#### [TASK REQUIREMENTS]
Transcribe the following entries word for word. End with the line where "Square G-Section Leather" appears.
*** ENTRIES SHOWN ***
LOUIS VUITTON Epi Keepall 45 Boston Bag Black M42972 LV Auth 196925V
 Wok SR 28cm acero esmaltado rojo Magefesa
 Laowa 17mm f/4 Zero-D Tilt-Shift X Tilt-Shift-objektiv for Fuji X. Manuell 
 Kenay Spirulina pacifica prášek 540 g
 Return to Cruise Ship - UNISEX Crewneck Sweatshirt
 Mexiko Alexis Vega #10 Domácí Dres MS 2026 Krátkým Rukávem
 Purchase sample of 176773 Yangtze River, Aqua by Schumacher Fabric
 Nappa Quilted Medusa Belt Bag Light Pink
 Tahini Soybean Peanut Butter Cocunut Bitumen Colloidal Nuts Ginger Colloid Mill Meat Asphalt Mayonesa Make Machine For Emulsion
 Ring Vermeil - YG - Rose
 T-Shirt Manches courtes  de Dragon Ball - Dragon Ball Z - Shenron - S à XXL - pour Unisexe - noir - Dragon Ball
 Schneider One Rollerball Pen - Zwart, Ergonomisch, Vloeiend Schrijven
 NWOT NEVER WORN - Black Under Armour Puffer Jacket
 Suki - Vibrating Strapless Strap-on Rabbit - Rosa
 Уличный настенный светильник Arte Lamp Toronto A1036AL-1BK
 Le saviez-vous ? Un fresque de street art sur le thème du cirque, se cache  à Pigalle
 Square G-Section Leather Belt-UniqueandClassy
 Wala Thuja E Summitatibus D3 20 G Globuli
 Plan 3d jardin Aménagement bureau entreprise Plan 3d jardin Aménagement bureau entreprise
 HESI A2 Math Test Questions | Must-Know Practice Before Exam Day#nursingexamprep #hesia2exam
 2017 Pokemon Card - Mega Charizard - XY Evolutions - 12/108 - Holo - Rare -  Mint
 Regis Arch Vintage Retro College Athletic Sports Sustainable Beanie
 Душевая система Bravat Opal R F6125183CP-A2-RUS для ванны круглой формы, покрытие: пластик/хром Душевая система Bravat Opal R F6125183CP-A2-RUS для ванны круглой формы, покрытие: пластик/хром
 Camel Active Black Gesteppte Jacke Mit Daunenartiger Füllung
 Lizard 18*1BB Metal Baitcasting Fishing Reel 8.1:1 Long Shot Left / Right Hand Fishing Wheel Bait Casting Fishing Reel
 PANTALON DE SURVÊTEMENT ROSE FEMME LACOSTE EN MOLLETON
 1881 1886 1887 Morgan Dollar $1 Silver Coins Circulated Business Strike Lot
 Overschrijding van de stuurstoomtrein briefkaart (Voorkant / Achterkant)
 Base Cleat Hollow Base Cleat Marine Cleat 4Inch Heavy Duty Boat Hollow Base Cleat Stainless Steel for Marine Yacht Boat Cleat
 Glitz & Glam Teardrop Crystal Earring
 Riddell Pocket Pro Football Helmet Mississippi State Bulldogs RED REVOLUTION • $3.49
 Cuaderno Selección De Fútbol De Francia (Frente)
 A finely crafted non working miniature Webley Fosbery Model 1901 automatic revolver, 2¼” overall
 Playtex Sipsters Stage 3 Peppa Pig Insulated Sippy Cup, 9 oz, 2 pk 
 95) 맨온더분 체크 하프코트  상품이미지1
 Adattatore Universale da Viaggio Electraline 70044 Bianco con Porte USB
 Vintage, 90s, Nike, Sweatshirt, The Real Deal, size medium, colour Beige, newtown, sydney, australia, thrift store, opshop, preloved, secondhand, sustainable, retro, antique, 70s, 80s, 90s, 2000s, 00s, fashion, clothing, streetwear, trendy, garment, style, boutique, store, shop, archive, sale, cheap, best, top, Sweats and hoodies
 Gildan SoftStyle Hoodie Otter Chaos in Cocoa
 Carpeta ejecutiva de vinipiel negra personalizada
*** End of ENTRIES SHOWN ***
#### [SOLUTION TO THE EXERCISE]
LOUIS VUITTON Epi Keepall 45 Boston Bag Black M42972 LV Auth 196925V
 Wok SR 28cm acero esmaltado rojo Magefesa
 Laowa 17mm f/4 Zero-D Tilt-Shift X Tilt-Shift-objektiv for Fuji X. Manuell 
 Kenay Spirulina pacifica prášek 540 g
 Return to Cruise Ship - UNISEX Crewneck Sweatshirt
 Mexiko Alexis Vega #10 Domácí Dres MS 2026 Krátkým Rukávem
 Purchase sample of 176773 Yangtze River, Aqua by Schumacher Fabric
 Nappa Quilted Medusa Belt Bag Light Pink
 Tahini Soybean Peanut Butter Cocunut Bitumen Colloidal Nuts Ginger Colloid Mill Meat Asphalt Mayonesa Make Machine For Emulsion
 Ring Vermeil - YG - Rose
 T-Shirt Manches courtes  de Dragon Ball - Dragon Ball Z - Shenron - S à XXL - pour Unisexe - noir - Dragon Ball
 Schneider One Rollerball Pen - Zwart, Ergonomisch, Vloeiend Schrijven
 NWOT NEVER WORN - Black Under Armour Puffer Jacket
 Suki - Vibrating Strapless Strap-on Rabbit - Rosa
 Уличный настенный светильник Arte Lamp Toronto A1036AL-1BK
 Le saviez-vous ? Un fresque de street art sur le thème du cirque, se cache  à Pigalle
 Square G-Section Leather Belt-UniqueandClassy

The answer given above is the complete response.